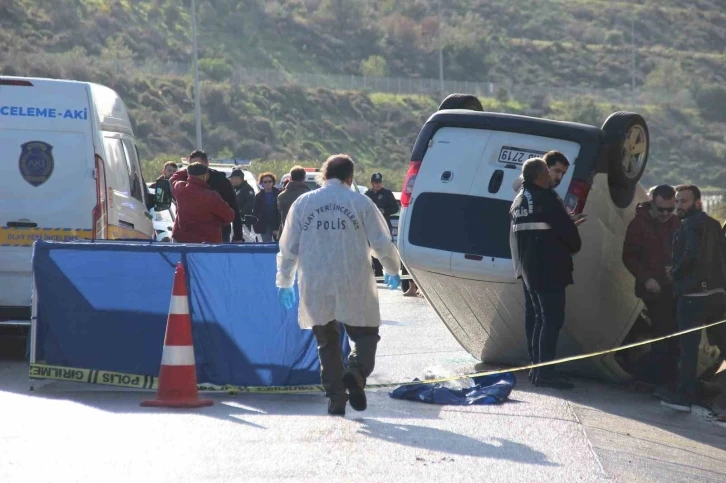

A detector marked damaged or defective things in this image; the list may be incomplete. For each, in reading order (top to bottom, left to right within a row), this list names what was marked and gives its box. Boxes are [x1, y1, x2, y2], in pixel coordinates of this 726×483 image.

overturned white van [1, 77, 155, 328]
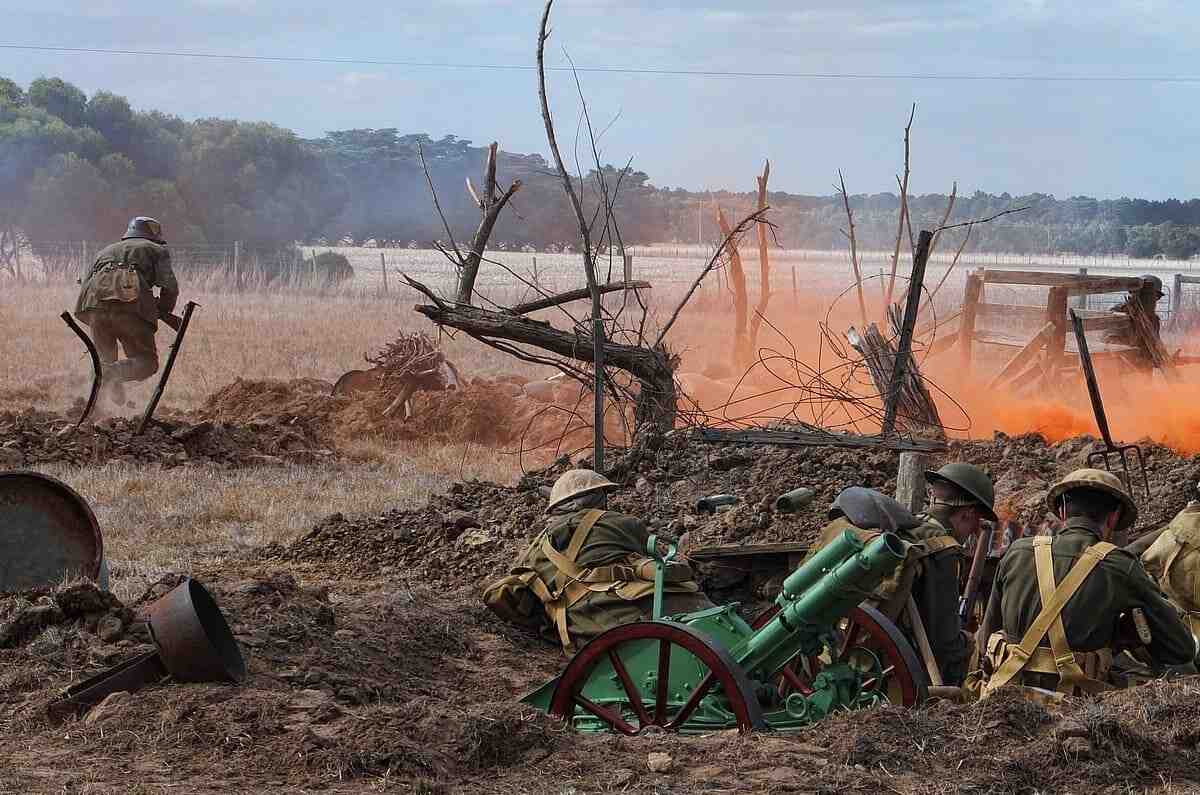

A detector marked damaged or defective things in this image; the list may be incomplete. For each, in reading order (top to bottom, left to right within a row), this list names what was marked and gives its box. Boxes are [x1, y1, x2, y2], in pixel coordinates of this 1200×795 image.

rusty metal barrel [0, 472, 102, 592]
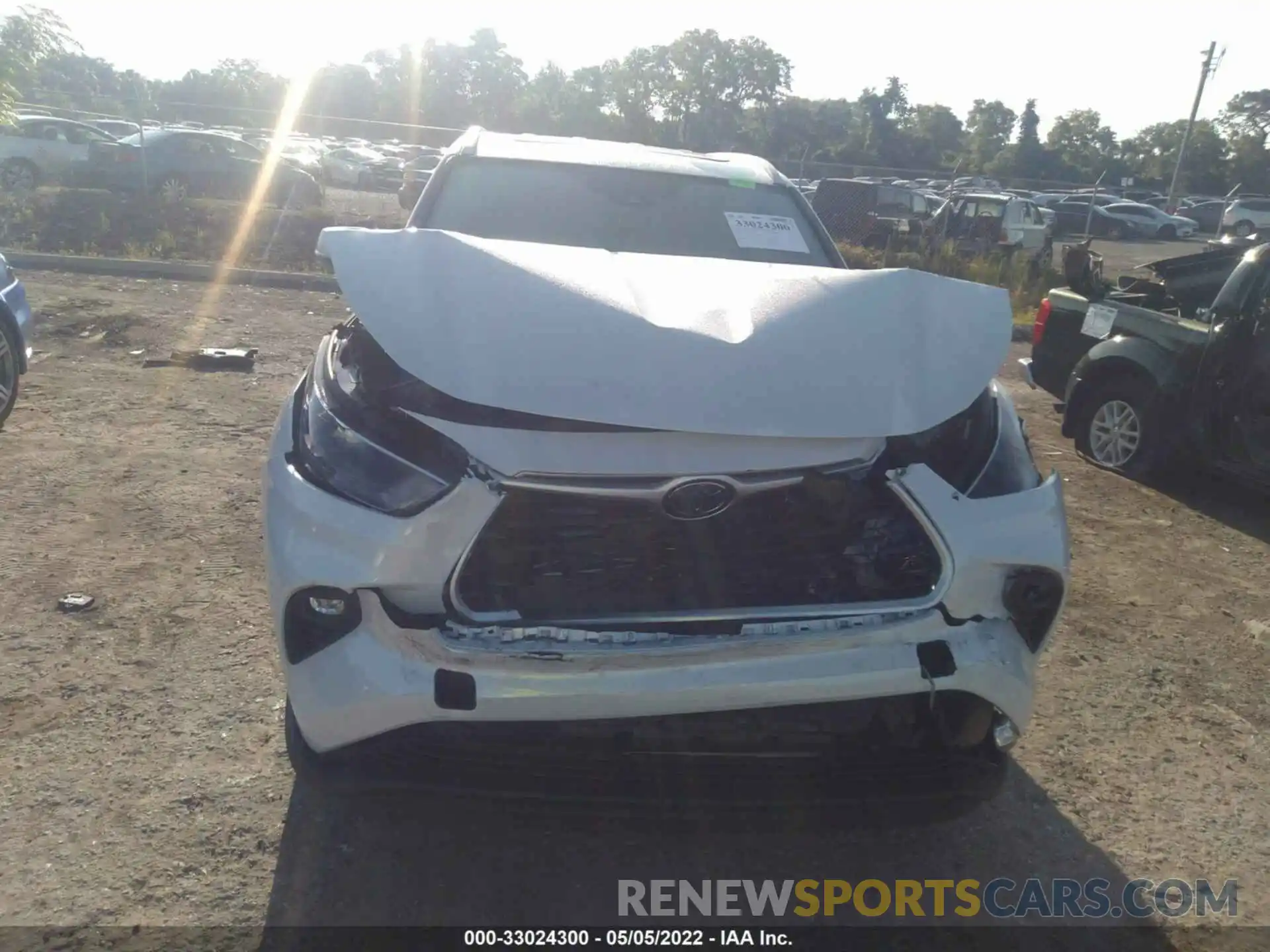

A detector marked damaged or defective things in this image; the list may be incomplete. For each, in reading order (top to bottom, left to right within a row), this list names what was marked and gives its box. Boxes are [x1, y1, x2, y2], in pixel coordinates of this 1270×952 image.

broken headlight [288, 333, 466, 516]
crumpled hood [312, 229, 1005, 442]
damaged front bumper [263, 397, 1069, 772]
white damaged suv [266, 126, 1069, 809]
cracked grille [452, 473, 937, 621]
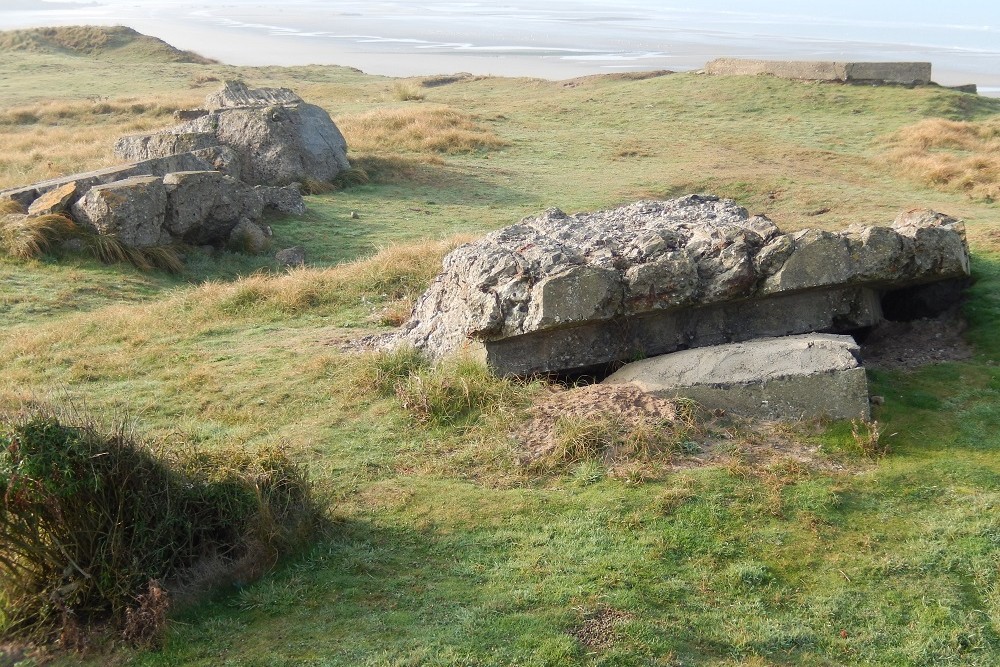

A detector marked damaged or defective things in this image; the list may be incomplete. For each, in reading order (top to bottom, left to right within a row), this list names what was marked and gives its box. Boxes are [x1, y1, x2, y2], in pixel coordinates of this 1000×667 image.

┄┄┄┄┄┄┄┄┄┄┄┄┄┄┄┄┄┄┄┄

• _TASK GOAL_: Copy only this, please: the line with "this 1270×952 image." and every line after it through the end of the data, with no pictures.

• _PROBLEM SOLUTION_:
A detector marked damaged or defective things in this image; the list may be incomplete. For each, in reading order (top to bottom, left to right within a row), this list names what was marked and gives its box. Boxes are [x1, y1, x2, y2], in pixel coordinates of this 1270×952 image.

broken headlight [288, 333, 466, 516]
crumpled hood [312, 229, 1005, 442]
damaged front bumper [263, 397, 1069, 772]
white damaged suv [266, 126, 1069, 809]
cracked grille [452, 473, 937, 621]

A detector marked damaged or defective things in this image; the list may be incomplete. For each, in reading order (top to bottom, left to right within a row), this list names what was marked and gives its box. Boxes are [x1, y1, x2, y2], in pixel coordinates of this 1000×667 image.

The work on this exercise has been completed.